Input material:
------------------------------
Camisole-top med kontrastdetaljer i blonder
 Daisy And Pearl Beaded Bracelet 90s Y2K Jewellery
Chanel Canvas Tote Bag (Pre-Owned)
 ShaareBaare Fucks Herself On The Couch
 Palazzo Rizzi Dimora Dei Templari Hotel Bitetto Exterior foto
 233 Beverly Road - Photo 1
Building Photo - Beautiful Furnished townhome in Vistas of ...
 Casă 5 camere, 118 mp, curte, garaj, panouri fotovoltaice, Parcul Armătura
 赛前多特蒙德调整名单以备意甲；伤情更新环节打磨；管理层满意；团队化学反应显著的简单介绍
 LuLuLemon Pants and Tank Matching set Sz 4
------------------------------
Exercise prompt: Take the line containing "Palazzo Rizzi Dimora" and each line after it up to the last line of the listing, and print them exactly.

Response area:
 Palazzo Rizzi Dimora Dei Templari Hotel Bitetto Exterior foto
 233 Beverly Road - Photo 1
Building Photo - Beautiful Furnished townhome in Vistas of ...
 Casă 5 camere, 118 mp, curte, garaj, panouri fotovoltaice, Parcul Armătura
 赛前多特蒙德调整名单以备意甲；伤情更新环节打磨；管理层满意；团队化学反应显著的简单介绍
 LuLuLemon Pants and Tank Matching set Sz 4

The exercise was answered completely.